- _DATA PROVIDED_:
------------
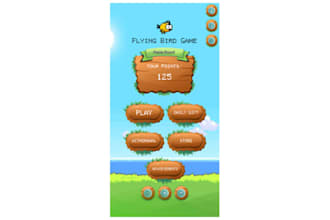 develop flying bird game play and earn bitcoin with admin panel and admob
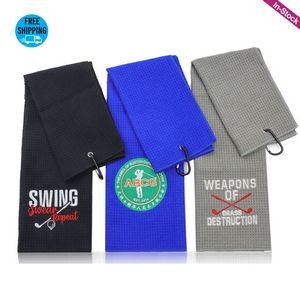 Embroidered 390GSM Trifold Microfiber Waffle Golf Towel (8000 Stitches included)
------------
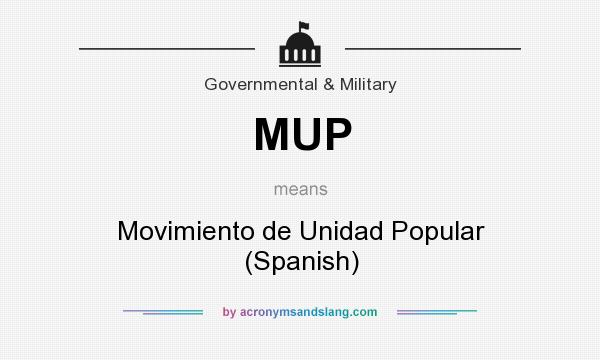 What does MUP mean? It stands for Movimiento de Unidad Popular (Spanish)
------------
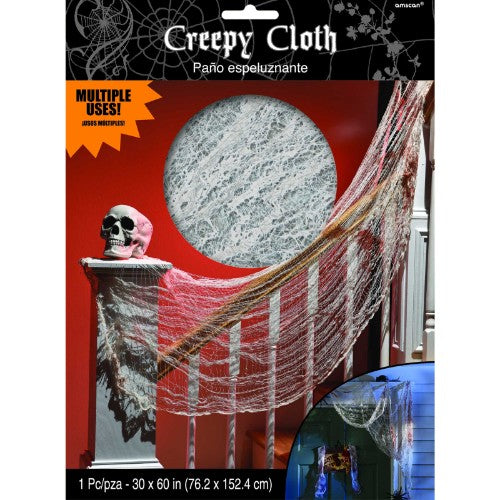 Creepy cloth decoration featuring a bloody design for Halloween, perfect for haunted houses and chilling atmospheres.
------------
- _WORK INSTRUCTION_: Everything above from the line containing "develop flying bird" down to the line containing "Embroidered 390GSM Trifold" is to be duplicated exactly, both lines included, and the pictures are to be omitted.

- _WRITTEN RESPONSE_:
 develop flying bird game play and earn bitcoin with admin panel and admob
 Embroidered 390GSM Trifold Microfiber Waffle Golf Towel (8000 Stitches included)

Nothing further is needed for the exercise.